DATA UNDER STUDY.
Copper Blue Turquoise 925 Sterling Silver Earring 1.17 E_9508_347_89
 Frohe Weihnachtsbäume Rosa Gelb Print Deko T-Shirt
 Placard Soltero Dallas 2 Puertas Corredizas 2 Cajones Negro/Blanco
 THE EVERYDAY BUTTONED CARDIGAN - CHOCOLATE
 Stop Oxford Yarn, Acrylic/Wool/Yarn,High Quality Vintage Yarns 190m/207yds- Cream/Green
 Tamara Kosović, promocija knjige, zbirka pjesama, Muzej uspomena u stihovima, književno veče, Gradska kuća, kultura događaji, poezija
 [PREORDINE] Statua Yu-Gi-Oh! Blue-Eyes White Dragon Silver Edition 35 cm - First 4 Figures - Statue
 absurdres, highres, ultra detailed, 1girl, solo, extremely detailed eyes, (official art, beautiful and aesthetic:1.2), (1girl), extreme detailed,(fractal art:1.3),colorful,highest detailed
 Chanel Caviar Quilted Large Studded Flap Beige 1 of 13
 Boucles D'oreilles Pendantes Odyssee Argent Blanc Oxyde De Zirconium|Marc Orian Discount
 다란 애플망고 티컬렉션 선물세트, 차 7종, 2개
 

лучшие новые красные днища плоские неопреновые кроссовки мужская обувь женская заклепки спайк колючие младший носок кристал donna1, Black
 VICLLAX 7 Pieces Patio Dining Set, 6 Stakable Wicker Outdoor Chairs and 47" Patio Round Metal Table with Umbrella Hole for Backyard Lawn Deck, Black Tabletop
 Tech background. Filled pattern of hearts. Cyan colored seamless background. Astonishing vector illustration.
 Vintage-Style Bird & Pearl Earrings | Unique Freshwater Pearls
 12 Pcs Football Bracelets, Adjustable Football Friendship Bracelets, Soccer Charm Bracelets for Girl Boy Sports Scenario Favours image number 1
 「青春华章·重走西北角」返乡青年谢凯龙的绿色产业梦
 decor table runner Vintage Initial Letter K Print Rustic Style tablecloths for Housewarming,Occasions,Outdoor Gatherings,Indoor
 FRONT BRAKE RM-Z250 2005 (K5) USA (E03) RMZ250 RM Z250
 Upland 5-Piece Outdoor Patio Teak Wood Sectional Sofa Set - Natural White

WHAT IS EXPECTED. In the listing above, transcribe exactly everything from the line containing "absurdres, highres, ultra" down to the line containing "лучшие новые красные", including both and nothing more.

FINISHED TASK.
 absurdres, highres, ultra detailed, 1girl, solo, extremely detailed eyes, (official art, beautiful and aesthetic:1.2), (1girl), extreme detailed,(fractal art:1.3),colorful,highest detailed
 Chanel Caviar Quilted Large Studded Flap Beige 1 of 13
 Boucles D'oreilles Pendantes Odyssee Argent Blanc Oxyde De Zirconium|Marc Orian Discount
 다란 애플망고 티컬렉션 선물세트, 차 7종, 2개
 

лучшие новые красные днища плоские неопреновые кроссовки мужская обувь женская заклепки спайк колючие младший носок кристал donna1, Black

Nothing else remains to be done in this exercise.